Um diese Frage zu beantworten, muss man einmal zurückblicken.
Noch bis Ende der 70er Jahre war Europa im Wesentlichen eine Agrargemeinschaft. Erst zu Beginn der 80er Jahre begann es das zu werden, was es heute ist: eine Wirtschaftsgemeinschaft. Was man dabei wissen muss, ist, wie es auf europäischer Ebene gelang, den europäischen Integrationsprozess in Schwung zu bringen und den auch damals unwilligen nationalen Regierungen Kompetenzen abzuringen. Die Europäische Kommission – damals noch Kommission der Europäischen Gemeinschaften – entwickelte mit dem Binnenmarktprojekt und dem Projekt einer europäischen Technologiegemeinschaft zwei Vorhaben, die speziell für die führenden Großunter-nehmen im Gemeinschaftsraum interessant waren und Europa zu einer verbesserten internationalen Wettbe-werbsfähigkeit gegenüber den USA und Japan verhelfen sollte. Es ging einerseits um technologische Wettbe-werbsfähigkeit speziell bei Spitzentechnologien und andererseits um die Schaffung eines großen, harmonisierten, einheitlichen europäischen Binnenmarktes – eine zentrale Voraussetzung für Kostensenkung und die Erzielung von Skalenerträgen und damit ebenfalls für die internationale Wettbewerbsfähigkeit von Großunternehmen. Auch wenn es damals offiziell nicht so genannt wurde, so war das nichts anderes als klassische Industriepolitik.
Nebenbei bemerkt war es unter anderem gerade auch Paul Krugmans Theorie des strategischen Handels, für die er den Nobelpreis erhielt, die eine so verstandene Industriepolitik zugunsten der National Champions“ bzw. „European Champions“ nahelegte.
Ende der 80er Jahre wurden mit der Verabschiedung der „Einheitlichen Europäischen Akte“ die bestehenden Verträge geändert und entsprechende Kompetenzen nach Brüssel verlagert. Ohne das Interesse und die Unterstützung seitens der Großindustrie wäre es nicht dazu gekommen. Das Europäische Parlament erhielt damit erstmals überhaupt Entscheidungsbefugnisse, wenn auch nur in sehr begrenztem Umfang.
Mit dem Maastrichter Vertrag wurden 1993 nicht nur die bestehenden Gemeinschaftsverträge unter einem Dach zusammengefasst und um weitere Kompetenzen erweitert, sondern vor allem auch die rechtliche Grundlage für die Verwirklichung der Währungsunion geschaffen.

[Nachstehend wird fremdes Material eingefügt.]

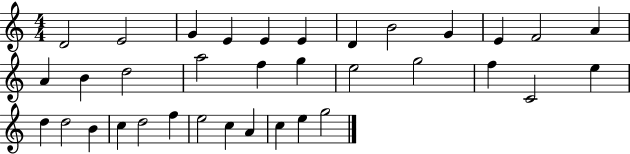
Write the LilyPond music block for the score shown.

{
  \clef treble
  \numericTimeSignature
  \time 4/4
  \key c \major
  d'2 e'2 | g'4 e'4 e'4 e'4 | d'4 b'2 g'4 | e'4 f'2 a'4 | \break a'4 b'4 d''2 | a''2 f''4 g''4 | e''2 g''2 | f''4 c'2 e''4 | \break d''4 d''2 b'4 | c''4 d''2 f''4 | e''2 c''4 a'4 | c''4 e''4 g''2 | \break \bar "|."
}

Auch die Währungsunion und die Osterweiterung der Europäischen Union waren vor allem unter wirtschaftlichen Gesichtspunkten interessant. Eine gemeinsame Währung bietet für transnational tätige Unternehmen und für Banken unter Kostengesichtspunkten sowie auch aufgrund wegfallender Währungsrisiken erhebliche Vorteile. Mit der Aufnahme neuer Mitgliedsstaaten in die Europäische Union konnten die im globalen Wettbewerb stehenden europäischen Unternehmen deren Märkte leichter und umfassender für sich erschließen und mithin weitere Kostenvorteile (u.a. wegen geringeren Lohnkosten) generieren. Davon profitierten auch die Erweiterungsstaaten.
Die treibende Kraft für den europäischen Integrationsprozess war immer die aus den Integrationsschritten erwachsende wirtschaftliche Vorteilhaftigkeit – aus Sicht des primär adressierten Teils der Wirtschaft wie auch der Nationalstaaten.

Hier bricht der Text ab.